我有一个由10分钟时间间隔内的计数组成的数据帧,如果时间间隔不存在,我如何设置count = 0?
DF1
import pandas as pd
import numpy as np
df = pd.DataFrame({ 'City' : np.random.choice(['PHOENIX','ATLANTA','CHICAGO', 'MIAMI', 'DENVER'], 10000),
'Day': np.random.choice(['Monday','Tuesday','Wednesday', 'Thursday', 'Friday', 'Saturday', 'Sunday'], 10000),
'Time': np.random.randint(1, 86400, size=10000),
'COUNT': np.random.randint(1, 700, size=10000)})
df['Time'] = pd.to_datetime(df['Time'], unit='s').dt.round('10min').dt.strftime('%H:%M:%S')
print(df)
COUNT City Day Time
0 441 PHOENIX Thursday 10:20:00
1 641 ATLANTA Monday 14:30:00
2 661 PHOENIX Saturday 03:50:00
3 570 MIAMI Tuesday 21:00:00
4 222 CHICAGO Friday 15:00:00
DF2 - 我的方法是在一天内创建所有10分钟的时段(6 * 24 = 144个条目),然后使用“不在”
df2 = pd.DataFrame({'TIME_BIN': np.arange(0, 86401, 600), })
df2['TIME_BIN'] = pd.to_datetime(df2['TIME_BIN'], unit='s').dt.round('10min').dt.strftime('%H:%M:%S')
TIME_BIN
0 00:00:00
1 00:10:00
2 00:20:00
3 00:30:00
4 00:40:00
5 00:50:00
6 01:00:00
7 01:10:00
8 01:20:00
如何检查DF1中每个城市和日期DF2中是否存在时隙,如果是,则设置count = 0?我基本上只需要填写DF1中所有缺少的时间段。
尝试:
for each_city in df.City.unique():
for each_day in df.Day.unique():
df['Time'] = df.apply(lambda row: df2['TIME_BIN'] if row['Time'] not in (df2['TIME_BIN'].tolist()) else None)
答案 0 :(得分:1)
我认为MultiIndex
reindex
需要from_product
:
np.random.seed(123)
df = pd.DataFrame({ 'City' : np.random.choice(['PHOENIX','ATLANTA','CHICAGO', 'MIAMI', 'DENVER'], 10000),
'Day': np.random.choice(['Monday','Tuesday','Wednesday', 'Thursday', 'Friday', 'Saturday', 'Sunday'], 10000),
'Time': np.random.randint(1, 86400, size=10000),
'COUNT': np.random.randint(1, 700, size=10000)})
df['Time'] = pd.to_datetime(df['Time'], unit='s').dt.round('10min').dt.strftime('%H:%M:%S')
df = df.drop_duplicates(['City','Day','Time'])
#print(df)
times = (pd.to_datetime(pd.Series(np.arange(0, 86401, 600)), unit='s')
.dt.round('10min')
.dt.strftime('%H:%M:%S'))
mux = pd.MultiIndex.from_product([df['City'].unique(),
df['Day'].unique(),
times],names=['City','Day','Time'])
df = (df.set_index(['City','Day','Time'])
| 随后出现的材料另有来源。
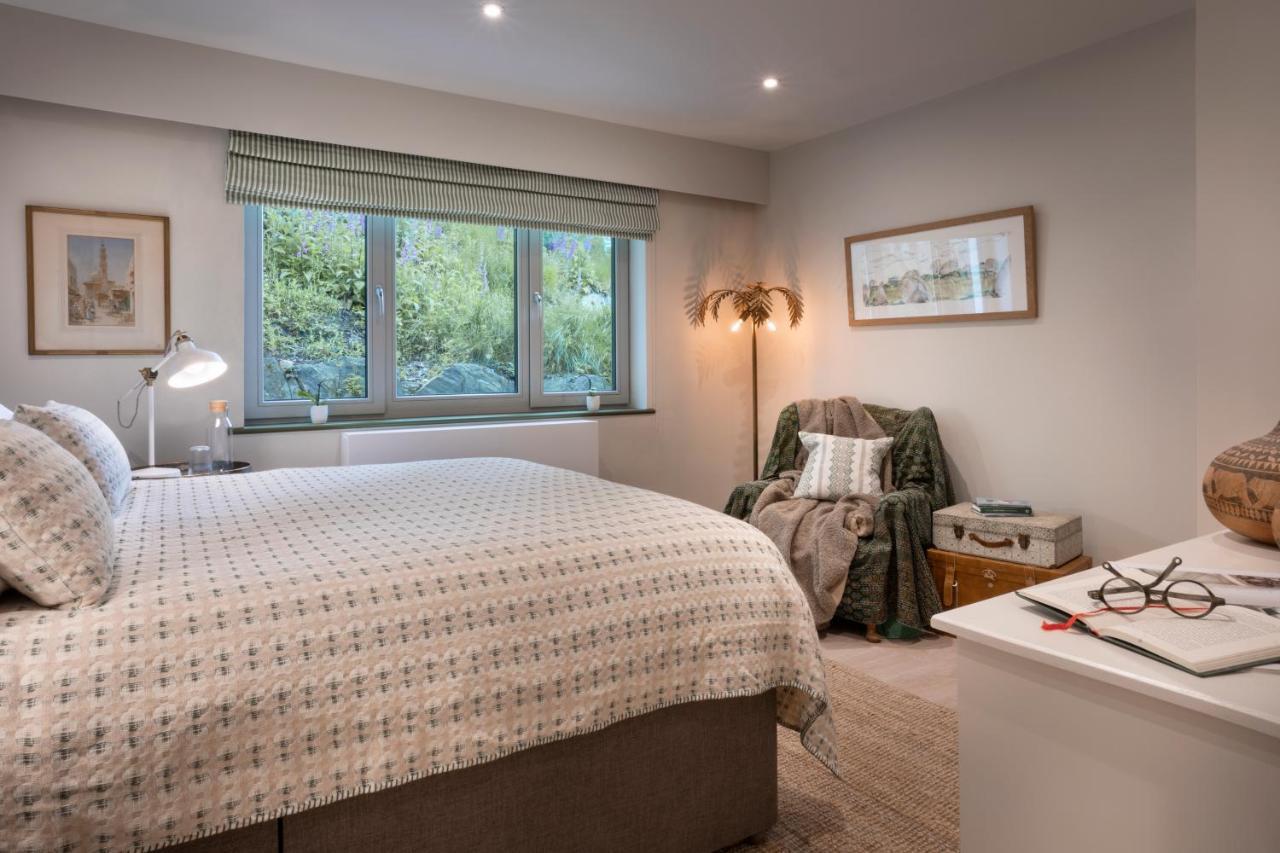Barakat Lakes Escape, Ambleside Dış mekan fotoğraf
.reindex(mux, fill_value=0)
.reset_index())
print (df.head(20))
City Day Time COUNT
0 CHICAGO Wednesday 00:00:00 66
1 CHICAGO Wednesday 00:10:00 205
2 CHICAGO Wednesday 00:20:00 260
3 CHICAGO Wednesday 00:30:00 127
4 CHICAGO Wednesday 00:40:00 594
5 CHICAGO Wednesday 00:50:00 683
6 CHICAGO Wednesday 01:00:00 203
7 CHICAGO Wednesday 01:10:00 0
8 CHICAGO Wednesday 01:20:00 372
9 CHICAGO Wednesday 01:30:00 109
10 CHICAGO Wednesday 01:40:00 32
11 CHICAGO Wednesday 01:50:00 184
12 CHICAGO Wednesday 02:00:00 630
13 CHICAGO Wednesday 02:10:00 108
14 CHICAGO Wednesday 02:20:00 35
15 CHICAGO Wednesday 02:30:00 604
16 CHICAGO Wednesday 02:40:00 500
17 CHICAGO Wednesday 02:50:00 367
18 CHICAGO Wednesday 03:00:00 118
19 CHICAGO Wednesday 03:10:00 546
答案 1 :(得分:1)
一种方法是转换为类别并使用groupby
来计算笛卡尔积。
事实上,鉴于您的数据在很大程度上是绝对的,这是一个好主意,并会为大量的时间 - 城市日组合带来记忆效益。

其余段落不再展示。